“I’ve got the sweetest hangover/ I don’t wanna get over” ~ Diana Ross
Recently, I was a part of a beautiful event that made me pause and reflect on the value of connections. A few weeks back, my second adult child got married. It was a beautiful ceremony filled with family and friends and, above all, love. Coming out of it, I made a joke about having a bit of a love hangover and was reminded of that song by Diana Ross where she sings,
“If there’s a cure for this/ I don’t want it/
If there’s a remedy/ I’ll run from it/
I think about it all the time/ Never let it out of my mind…”
The song is about a man she loves, but I think some of the lyrics are applicable to love in general, especially the part about never wanting that moment to end.
There’s no greater feeling in the world than the one that gives you wings like that, that solidifies your purpose and reason to be on this planet, that proves that LOVE really is the meaning of life. Seeing my son and his bride and all of our families and friends coming together to celebrate love was the greatest gift this proud father of the groom could ask for. I’ve listened to the speeches, and I was touched by how beautiful and special all of the connections between the families were and how my son and his bride’s union brought all those people together to celebrate their marriage. It’s impossible to feel cynical about weddings when you get to be a part of one that is all about honoring connections and starting new ones.

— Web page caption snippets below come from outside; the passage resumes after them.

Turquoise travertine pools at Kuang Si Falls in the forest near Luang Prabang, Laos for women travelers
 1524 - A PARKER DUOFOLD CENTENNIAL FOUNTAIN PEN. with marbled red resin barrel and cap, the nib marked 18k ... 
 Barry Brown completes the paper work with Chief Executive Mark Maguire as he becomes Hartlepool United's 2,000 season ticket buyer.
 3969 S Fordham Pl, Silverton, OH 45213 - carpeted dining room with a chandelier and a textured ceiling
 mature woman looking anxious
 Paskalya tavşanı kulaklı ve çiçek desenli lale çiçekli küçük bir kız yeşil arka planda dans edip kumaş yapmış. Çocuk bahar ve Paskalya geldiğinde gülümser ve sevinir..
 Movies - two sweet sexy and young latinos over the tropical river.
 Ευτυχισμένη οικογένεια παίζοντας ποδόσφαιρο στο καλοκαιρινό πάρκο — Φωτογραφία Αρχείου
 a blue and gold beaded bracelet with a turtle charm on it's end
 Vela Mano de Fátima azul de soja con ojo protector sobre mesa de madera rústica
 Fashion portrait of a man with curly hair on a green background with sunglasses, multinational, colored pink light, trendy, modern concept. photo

However, for someone who’s been relinquished (like I was), such celebrations can be tricky, and at times it was exhausting, repeatedly processing the importance of family and relationships–jokingly, I thought to myself, “but hey, that’s the life-long gift of relinquishment and adoption!” I’m as equipped as anybody else to be able to partake in family events, but for someone like me this means that I need to be mindful of a certain emotional overload. As a person who had to learn how to be able to establish meaningful, healthy connections with people, who grew up feeling a lot of mistrust and fear, I can get overwhelmed when I’m too far from the baseline. As with everything else, I need to check in with myself to make sure that whatever I’m going through keeps me rooted firmly in reality. Expressing love and joy and making new connections has to happen in a balanced way where I don’t get anxious and feel like hiding or, worse, acting out. Thanks to all of the work and healing that I’ve done, I’m able to show up not only for myself but for those who count on me. Being a proud father who helped make that wedding memorable was joyous not just because it brought happiness to others, but also because I was able to thrive from the connections I’ve made as I went along. My son got married, and at that moment our family expanded; and we were gifted with all those wonderful new people to create memories with. What an incredible endowment!
A wedding is definitely one of the most “intense” types of familial get-togethers. The speeches, the declarations, the introductions and, of course, the feelings all at once in a short amount of time could have a potential to short-circuit someone who is less prepared. I know of people who avoid weddings (and even Christmas parties) for those reasons–not because they don’t want to honor their loved ones, but because it’s too much. I know of people who say that they can’t handle too much happiness because it threatens their emotional equilibrium in the way that makes them act out. I wonder if some excessive drinking at weddings happens precisely because people need some kind of a coping strategy to help them deal with all those big feelings. Certainly, in the past, I’d be the first person at the bar and possibly asking to make multiple toasts (possibly even making a fool of myself!). I used alcohol to calm myself down, to be able to deal with emotional events, and to be able to fit in. I believed it helped me overcome shyness, introversion, and it made me gregarious and the life of the party. I didn’t know then that what I might’ve been feeling all along was emotional overload and the type of a love hangover that hurts.
Today, I don’t drink and must deal with good and bad situations completely sober. I am present, I am reliable, and I can be there for my family and friends without feeling too overwhelmed. The love hangover that I felt was pleasant and without any connotations of an actual hangover. Instead of feeling deflated, I felt energized and inspired. I navigated my way through the day–and the preparations leading up to it–with the full understanding and appreciation of the people who would be gathering to help celebrate. The intensity of love, the certain exaggeration of it present during a marriage ceremony, made sense in the context and I was ready, my relinquished self feeling the opposite of relinquishment. I felt accepted, cherished, and needed. I had to adapt to the situation, yes, but none of it was at the cost of my inner peace and sanity. What was left was only positive: good energy and making of memories to last a lifetime. I thought that, when I stand at the end of life looking back, that wedding day is certainly going to be a day that’s made it all worthwhile.